Google is focused on making developers day-to-day app development easier in the latest release of its IDE Android Studio. This release makes the company’s Project Marble, an initiative where the company focused on system health, feature polish and bugs, now stable.

“Have you ever wished that Android Studio was faster, more performant, and more memory efficient? If so, then download Android Studio 3.5 today. This stable version of Android Studio is a different kind of release where the Android Studio team took a step back from large feature work for eight months and instead focused on product quality,” Jamal Eason, product manager for Android, wrote in a post.

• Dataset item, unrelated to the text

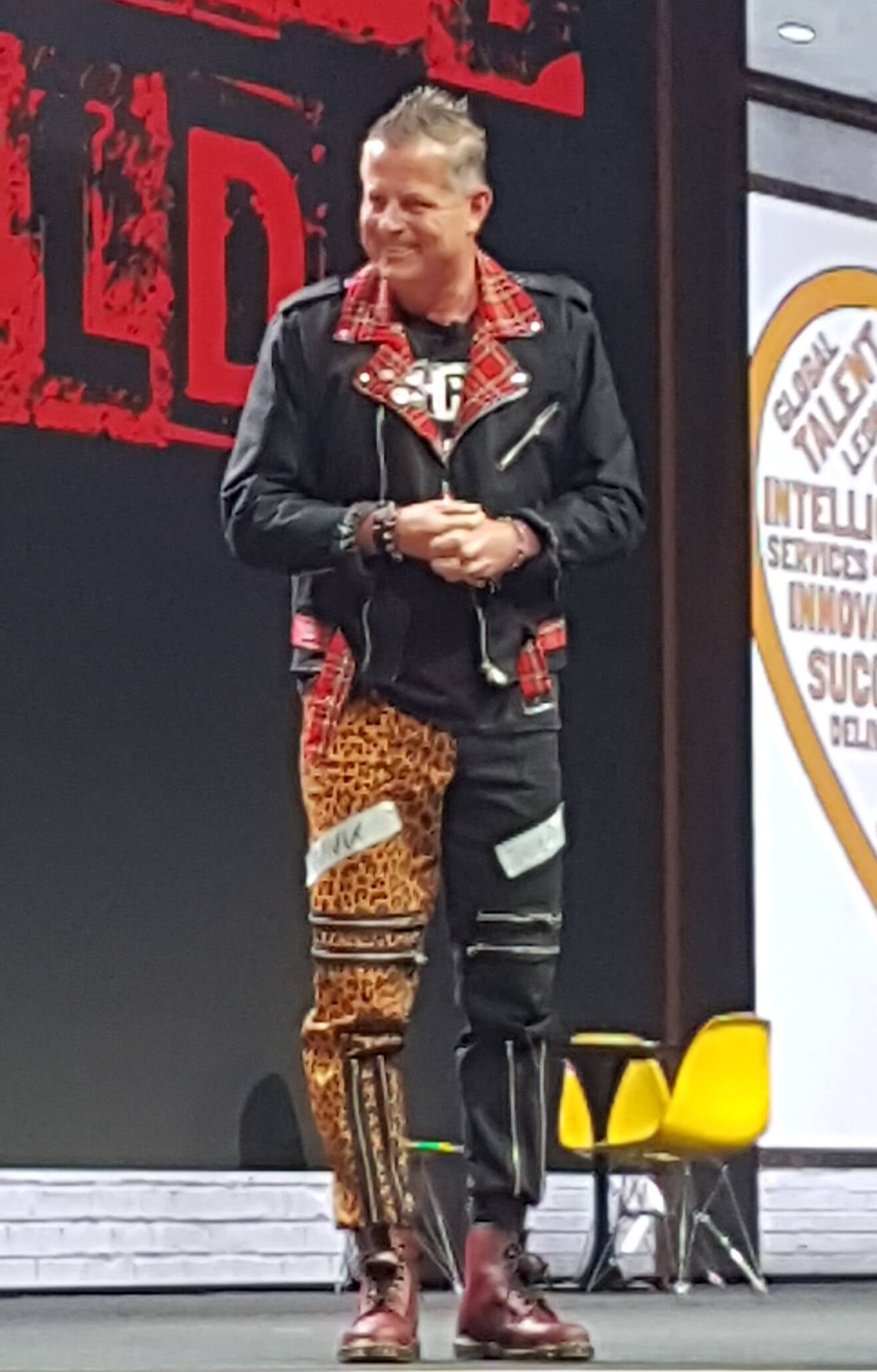Stefan Ries, CHRO di SAP, sul palco di SuccessConnect 2017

First to improve system health, the team added new infrastructure and internal dashboards to Android Studio as a way to improve performance. “We did this to establish a safety net to catch issues that are typically difficult to catch with regular unit testing. Then, the team addressed a range of issues from fixing over 600 bugs, 50 memory leaks, 20 IDE hangs, and improving XML & Kotlin typing latency,” Eason wrote. Additionally, the team added auto-recommended memory settings, user interface freezes, build speed improvements and disk I/O access speed improvements. The team also worked on decreasing the CPU and memory impact in the Android Emulator. According to Eason, there are still a number of quality areas it continues to work on within the IDE and emulator system.

For feature polish, the team worked on fixing core user facing feature areas such improving app deployment flow and re-architecting Instant Run. Other changes included Apply Changes, gradle sync, layout editor, data binding and C++ improvements.

Lastly, Project Marble worked on fixing a number of bugs within Android Studio 3.5 by working with security researchers to find and resolve critical quality issues.

“Project Marble is not the end of quality work for the Android Studio team, but this latest stable release is a major milestone of our on-going quality investment into the IDE,” Eason wrote.